# Socket wird nicht richtig geschlossen



## bluescreen (26. Apr 2007)

Ich habe versucht einen MultiThread Server zu implementieren. Leider habe ich das Problem, dass der Thread für den "Client" auf der Serverseite (für jeden Client wird dort ein Thread erzeugt) in eine Endlosschleife läuft sobald der Client ein close() aufruft. Dabei liefert die read Methode des InputStreams immer -1.
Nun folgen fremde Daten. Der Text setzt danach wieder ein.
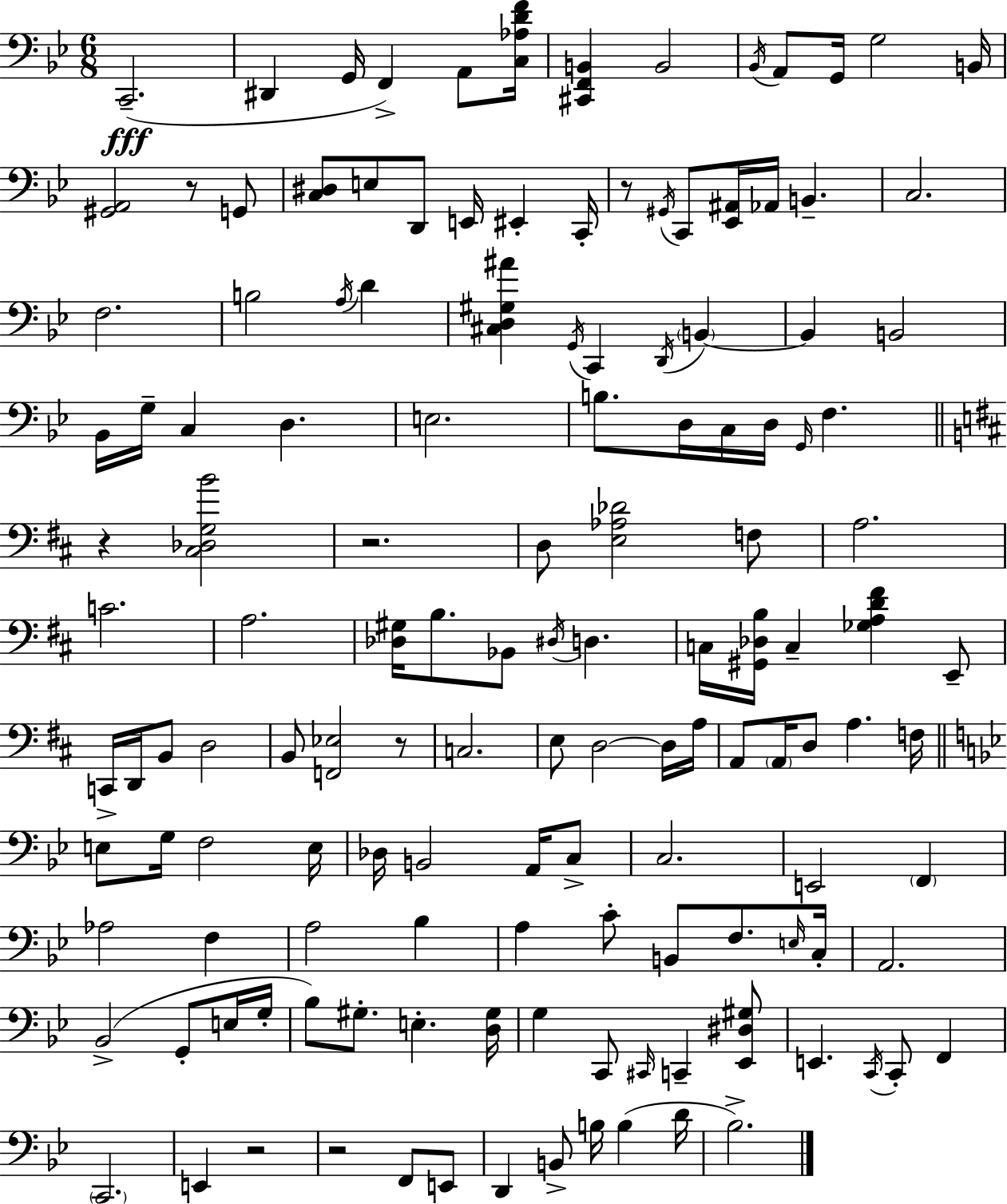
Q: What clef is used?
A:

Ich habe das Ganze mal mit dem MultiThreadServer von Sun probiert - selbes Problem. Deswegen hier mal der Link auf die externen files bei Sun, damit ihr euch das vielleicht mal anschauen könnt.

Beschreibung
http://java.sun.com/developer/onlineTraining/Programming/BasicJava2/socket.html#multi

Server
http://java.sun.com/developer/onlineTraining/Programming/BasicJava2/Code/SocketThrdServer.java

Client
http://java.sun.com/developer/onlineTraining/Programming/BasicJava2/Code/SocketClient.java

Wie gesagt: Ich starte beide - verbinde -> wenn ich jetzt den Client schliesse, läuft der für diesen Client zuständige "ClientWorker" auf dem Server in einer Endloschleife. 
Dasselbe passiert auch, wenn ich vor dem Schliessen des Clients socket.close() aufrufe.

Eigentlich müsste ich ja nur abbrechen sobald der Stream -1 zurückgibt oder gibts da irgendwelche "Nebenwirkungen" ?


mfg bluemoon


----------



## GoWa (27. Apr 2007)

Liegt am blocking mode

getInputStream()

Hab leider keinen schimmer ob das schon immer so war oder nicht. Gehe aber nicht davon aus. Das Sun Beispiel ist von 99 denke da wars noch ein wenig anderst.


----------



## bluescreen (27. Apr 2007)

Ich versteh jetzt nicht so ganz wie du das meinst. getInputStream() wird doch vor der WHILE Schleife aufgerufen. Die Methode read() ist blockierend und das läuft auch ganz gut - aber nur solange, bis der client close() aufruft und der Server das scheinbar nicht erkennt, denn isClosed() bleibt hier leider false und isConnected() bleibt true.


----------